Records drawn from a dataset
#####

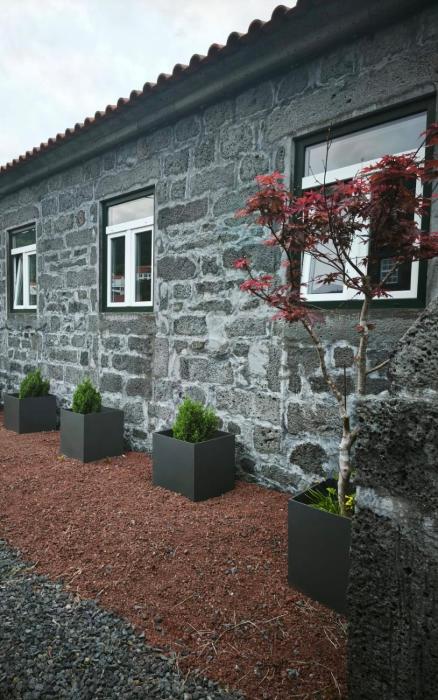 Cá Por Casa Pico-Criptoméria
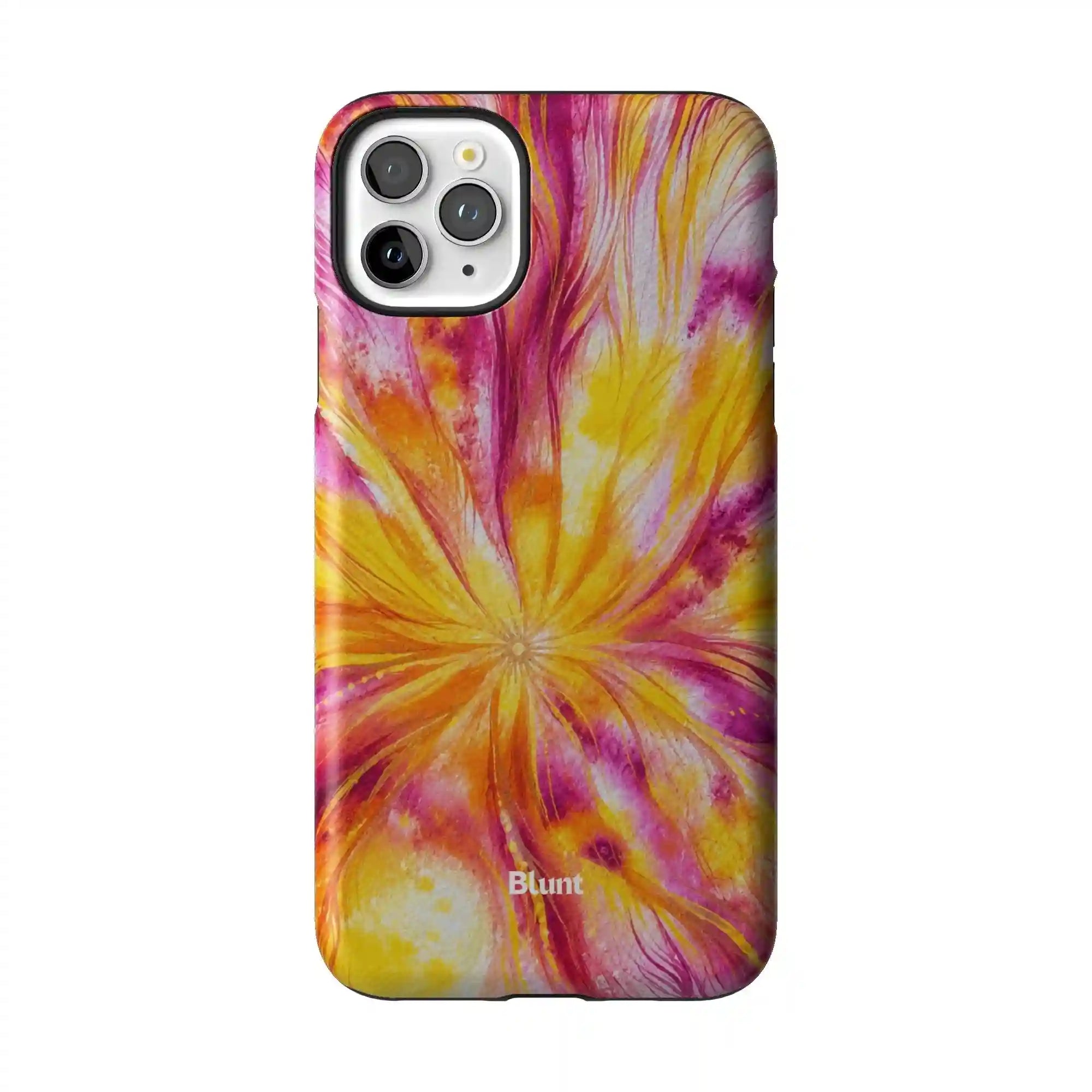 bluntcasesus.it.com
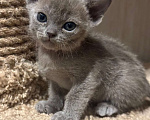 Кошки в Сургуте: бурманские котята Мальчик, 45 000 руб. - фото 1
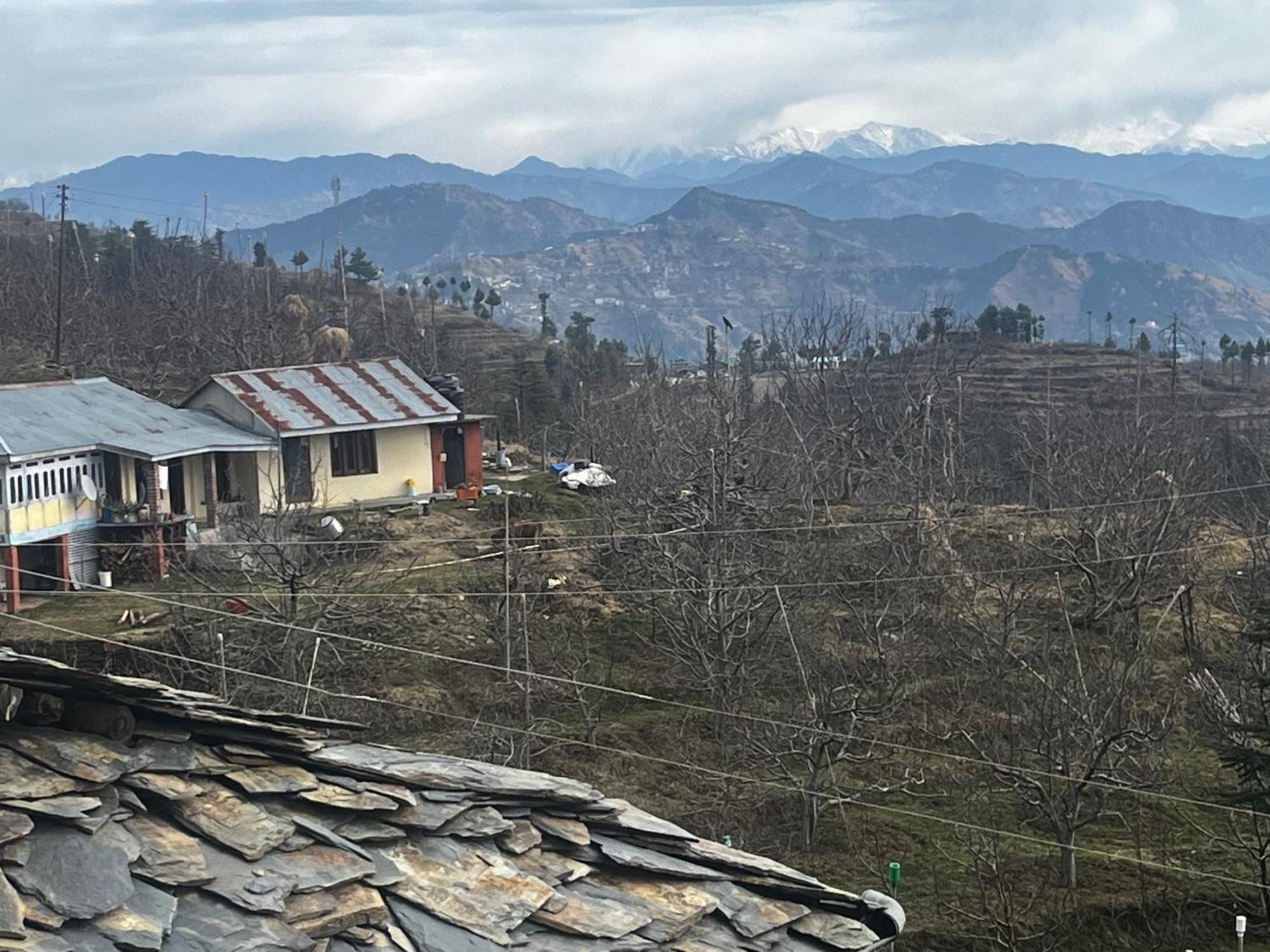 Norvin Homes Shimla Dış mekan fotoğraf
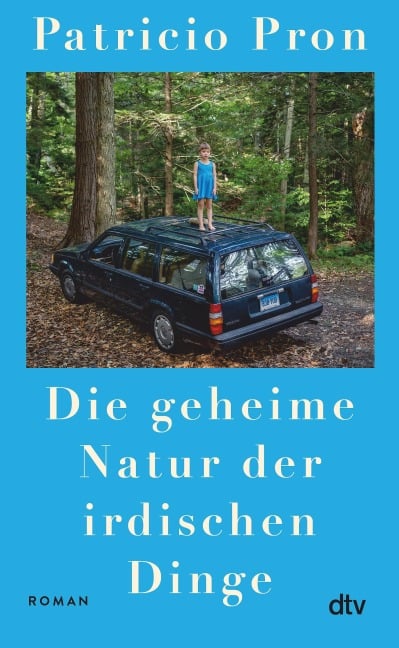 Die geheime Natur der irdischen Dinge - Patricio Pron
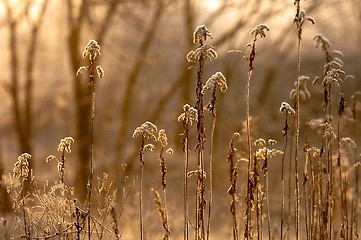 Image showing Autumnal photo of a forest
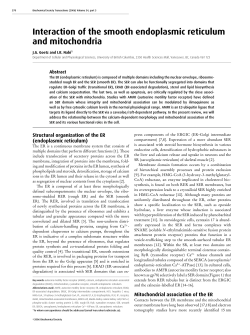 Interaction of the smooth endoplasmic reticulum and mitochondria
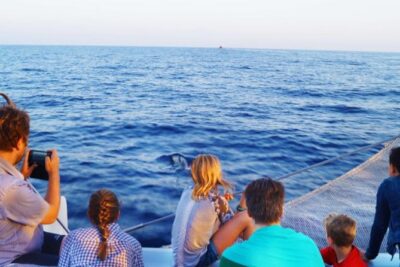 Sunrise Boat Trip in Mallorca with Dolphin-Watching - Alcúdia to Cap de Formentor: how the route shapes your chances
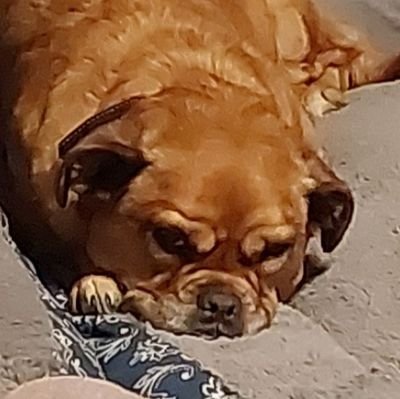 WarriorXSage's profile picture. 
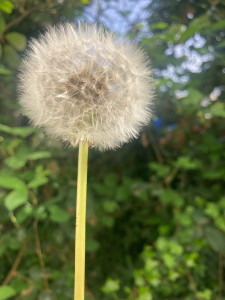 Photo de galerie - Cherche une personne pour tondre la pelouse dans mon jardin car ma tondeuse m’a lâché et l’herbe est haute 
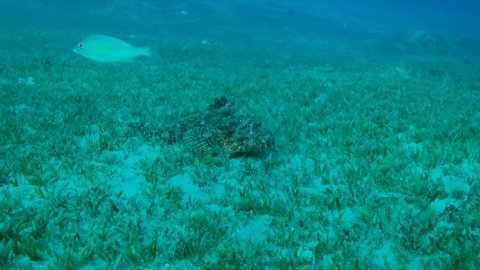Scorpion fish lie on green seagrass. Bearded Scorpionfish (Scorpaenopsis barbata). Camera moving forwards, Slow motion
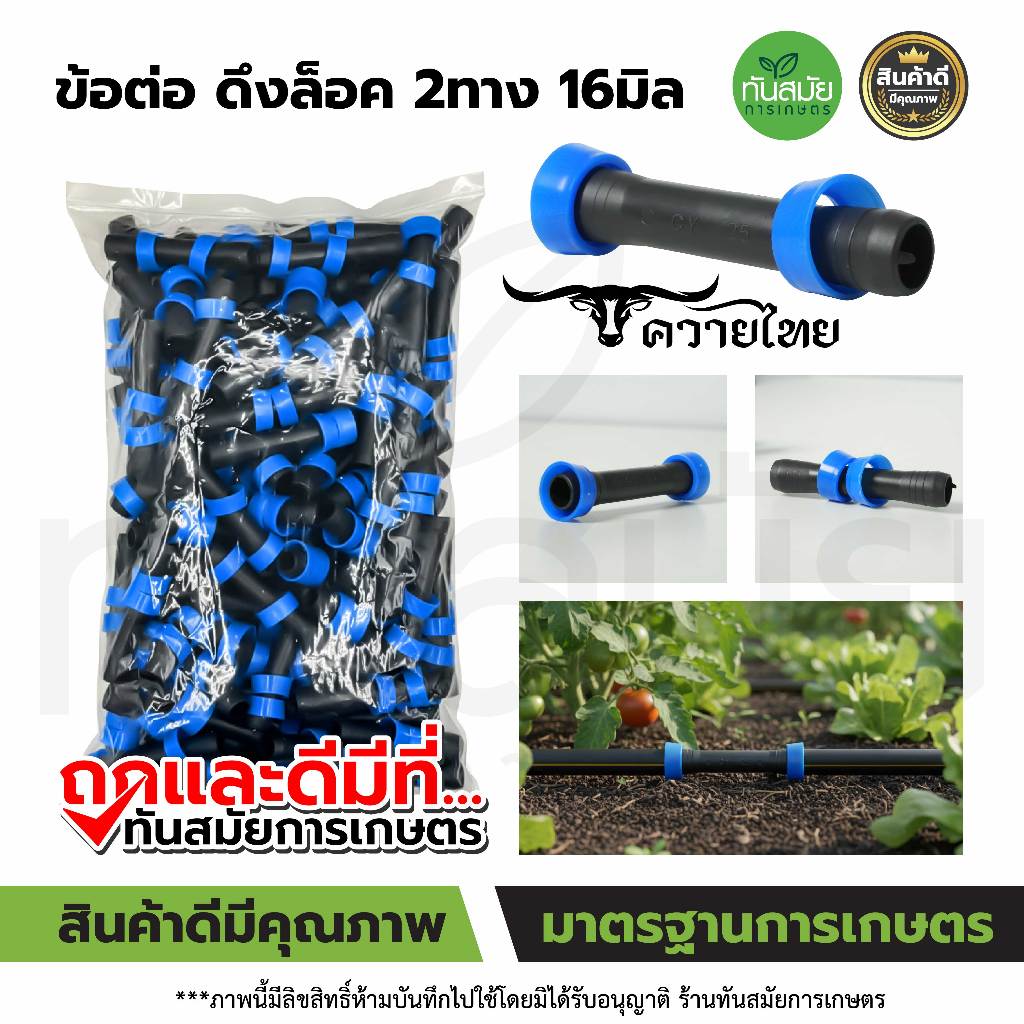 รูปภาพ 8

#####

## Exercise aim
Your answer must be an exact repeat of the records above, with the pictures left out.

## Written reply
 Cá Por Casa Pico-Criptoméria
 bluntcasesus.it.com
 Кошки в Сургуте: бурманские котята Мальчик, 45 000 руб. - фото 1
 Norvin Homes Shimla Dış mekan fotoğraf
 Die geheime Natur der irdischen Dinge - Patricio Pron
 Image showing Autumnal photo of a forest
 Interaction of the smooth endoplasmic reticulum and mitochondria
 Sunrise Boat Trip in Mallorca with Dolphin-Watching - Alcúdia to Cap de Formentor: how the route shapes your chances
 WarriorXSage's profile picture. 
 Photo de galerie - Cherche une personne pour tondre la pelouse dans mon jardin car ma tondeuse m’a lâché et l’herbe est haute 
Scorpion fish lie on green seagrass. Bearded Scorpionfish (Scorpaenopsis barbata). Camera moving forwards, Slow motion
 รูปภาพ 8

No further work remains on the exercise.